2012, Arthur A. Levine Books/Scholastic
288 pages
Rating: It was okay/2
1st Sentence/s: (Prologue) "Kate had finally agreed to pose under the willow tree. Mother came and stood behind Mary at her easel. She placed her hand on Mary's shoulder. 'It's beautiful!'"
Setting: Contemporary El Paso, Texas
OSS: Two sister try to figure out how to survive when their preacher father dies leaving them homeless and fully in charge of caring for their mother, who is in a permanently vegetative state.
Both 18 year old Kate is about to get accepted with as a premed student with a full scholarship to Stanford and 16 year old Mary, who has an incredible artistic gift, have had very religious, protected lives. And since their mother's accident two years previously, their lives have been pretty joyless. Their father, who truly loved them, was a preacher of a small protestant congregation in El Paso, had no car, no money, and lived simply. Hand-me-downs and Walmart...no trips to the mall. Painting was a frivolous endeavor, and the University of Texas at El Paso was nearby and the only acceptable choice of college.
And then he drops dead of a heart attack, and there's more and more problems dropped on top of the two girls. Tough choices. Interesting relationships with boys, best friends. their aunt and only living relative, and the new young preacher that has been hired to take their father's place.
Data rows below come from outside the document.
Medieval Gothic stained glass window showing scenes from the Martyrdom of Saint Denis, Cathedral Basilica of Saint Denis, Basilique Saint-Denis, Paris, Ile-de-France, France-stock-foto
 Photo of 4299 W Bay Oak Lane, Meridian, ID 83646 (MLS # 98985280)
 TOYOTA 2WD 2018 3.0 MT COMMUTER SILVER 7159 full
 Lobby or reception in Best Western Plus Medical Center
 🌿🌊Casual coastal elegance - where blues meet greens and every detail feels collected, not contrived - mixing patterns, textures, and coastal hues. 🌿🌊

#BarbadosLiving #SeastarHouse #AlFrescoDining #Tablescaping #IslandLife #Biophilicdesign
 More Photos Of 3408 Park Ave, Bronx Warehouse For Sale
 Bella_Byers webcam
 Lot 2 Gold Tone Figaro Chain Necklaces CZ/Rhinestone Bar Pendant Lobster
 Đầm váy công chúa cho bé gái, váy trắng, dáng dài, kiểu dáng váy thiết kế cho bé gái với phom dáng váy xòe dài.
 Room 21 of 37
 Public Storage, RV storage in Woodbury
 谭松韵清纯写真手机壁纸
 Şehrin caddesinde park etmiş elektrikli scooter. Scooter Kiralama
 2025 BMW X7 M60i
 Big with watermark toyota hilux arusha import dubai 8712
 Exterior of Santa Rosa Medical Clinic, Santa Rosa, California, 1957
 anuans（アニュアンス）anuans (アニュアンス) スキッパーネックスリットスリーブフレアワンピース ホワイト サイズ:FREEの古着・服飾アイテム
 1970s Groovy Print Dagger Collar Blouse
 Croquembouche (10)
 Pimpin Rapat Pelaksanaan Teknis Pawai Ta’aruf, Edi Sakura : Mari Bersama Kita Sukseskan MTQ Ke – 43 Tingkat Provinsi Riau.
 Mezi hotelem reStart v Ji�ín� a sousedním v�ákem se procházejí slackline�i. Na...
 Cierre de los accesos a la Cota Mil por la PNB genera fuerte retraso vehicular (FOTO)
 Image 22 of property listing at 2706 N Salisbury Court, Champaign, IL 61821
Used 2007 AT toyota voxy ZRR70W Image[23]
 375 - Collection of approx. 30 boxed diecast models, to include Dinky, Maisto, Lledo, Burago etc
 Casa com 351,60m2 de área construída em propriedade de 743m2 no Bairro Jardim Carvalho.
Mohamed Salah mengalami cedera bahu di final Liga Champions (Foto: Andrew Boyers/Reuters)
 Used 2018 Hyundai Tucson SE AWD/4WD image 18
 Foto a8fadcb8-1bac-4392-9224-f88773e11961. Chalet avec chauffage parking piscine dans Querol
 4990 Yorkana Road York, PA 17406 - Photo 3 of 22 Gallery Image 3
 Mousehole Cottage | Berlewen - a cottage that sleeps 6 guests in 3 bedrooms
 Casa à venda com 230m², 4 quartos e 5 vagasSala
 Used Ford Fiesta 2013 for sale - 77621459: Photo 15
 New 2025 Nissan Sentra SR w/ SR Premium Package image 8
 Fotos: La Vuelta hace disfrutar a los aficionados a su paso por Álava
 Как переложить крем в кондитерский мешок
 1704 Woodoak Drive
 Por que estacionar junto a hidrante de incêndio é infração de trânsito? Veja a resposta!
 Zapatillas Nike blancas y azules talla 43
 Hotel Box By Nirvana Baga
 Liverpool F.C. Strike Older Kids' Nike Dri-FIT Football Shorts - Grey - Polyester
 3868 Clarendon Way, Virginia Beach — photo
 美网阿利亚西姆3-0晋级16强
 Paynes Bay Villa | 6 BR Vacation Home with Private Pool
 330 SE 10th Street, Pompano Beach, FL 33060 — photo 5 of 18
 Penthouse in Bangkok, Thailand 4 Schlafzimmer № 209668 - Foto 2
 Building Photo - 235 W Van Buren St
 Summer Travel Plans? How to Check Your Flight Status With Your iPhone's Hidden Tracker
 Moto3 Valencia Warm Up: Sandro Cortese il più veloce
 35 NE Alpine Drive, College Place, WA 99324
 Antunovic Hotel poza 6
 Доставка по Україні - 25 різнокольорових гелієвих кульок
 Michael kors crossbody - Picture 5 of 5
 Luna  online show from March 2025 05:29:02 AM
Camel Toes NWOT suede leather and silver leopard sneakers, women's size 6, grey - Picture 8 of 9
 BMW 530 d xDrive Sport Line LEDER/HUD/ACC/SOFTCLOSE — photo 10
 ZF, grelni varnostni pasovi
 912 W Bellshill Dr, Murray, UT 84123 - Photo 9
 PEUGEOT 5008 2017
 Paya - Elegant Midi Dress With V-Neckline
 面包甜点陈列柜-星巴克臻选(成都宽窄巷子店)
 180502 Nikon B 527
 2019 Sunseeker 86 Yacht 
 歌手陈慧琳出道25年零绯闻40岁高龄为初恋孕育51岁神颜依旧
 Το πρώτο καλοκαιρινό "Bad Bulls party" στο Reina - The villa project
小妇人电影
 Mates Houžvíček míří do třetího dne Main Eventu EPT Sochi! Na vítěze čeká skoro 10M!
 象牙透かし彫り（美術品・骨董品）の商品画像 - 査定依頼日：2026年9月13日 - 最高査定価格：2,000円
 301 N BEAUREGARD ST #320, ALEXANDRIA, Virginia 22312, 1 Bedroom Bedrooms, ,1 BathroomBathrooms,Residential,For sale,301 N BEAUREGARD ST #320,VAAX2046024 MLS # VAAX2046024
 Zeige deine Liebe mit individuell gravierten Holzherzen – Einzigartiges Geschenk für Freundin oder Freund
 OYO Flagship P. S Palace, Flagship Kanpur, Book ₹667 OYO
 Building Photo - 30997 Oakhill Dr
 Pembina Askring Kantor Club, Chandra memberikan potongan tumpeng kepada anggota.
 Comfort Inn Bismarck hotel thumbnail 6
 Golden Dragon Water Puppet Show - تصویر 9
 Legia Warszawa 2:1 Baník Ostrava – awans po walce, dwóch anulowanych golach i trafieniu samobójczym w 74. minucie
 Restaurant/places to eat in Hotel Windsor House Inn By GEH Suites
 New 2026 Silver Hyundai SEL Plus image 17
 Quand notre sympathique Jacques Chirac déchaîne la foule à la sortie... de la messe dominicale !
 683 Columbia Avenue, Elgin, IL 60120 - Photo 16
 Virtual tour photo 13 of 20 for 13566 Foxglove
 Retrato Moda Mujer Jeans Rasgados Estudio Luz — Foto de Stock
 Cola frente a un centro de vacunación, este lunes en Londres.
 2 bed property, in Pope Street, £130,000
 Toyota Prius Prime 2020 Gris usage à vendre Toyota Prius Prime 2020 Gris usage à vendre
I read this book in one four-hour gulp. I knew that if I put it down I probably wouldn't come back to it. Why? I like the way that Stork developed his characters. The plot was plausible. I could relate to both Kate and Mary. There was just something....missing....for me, I'm not sure what. I was expecting to be blown away like I was with Stork's previous Marcelo in the Real World, and I wasn't. I wonder what I would have thought about this if I hadn't read Marcelo. I'll have to read some reviews and see how others feel.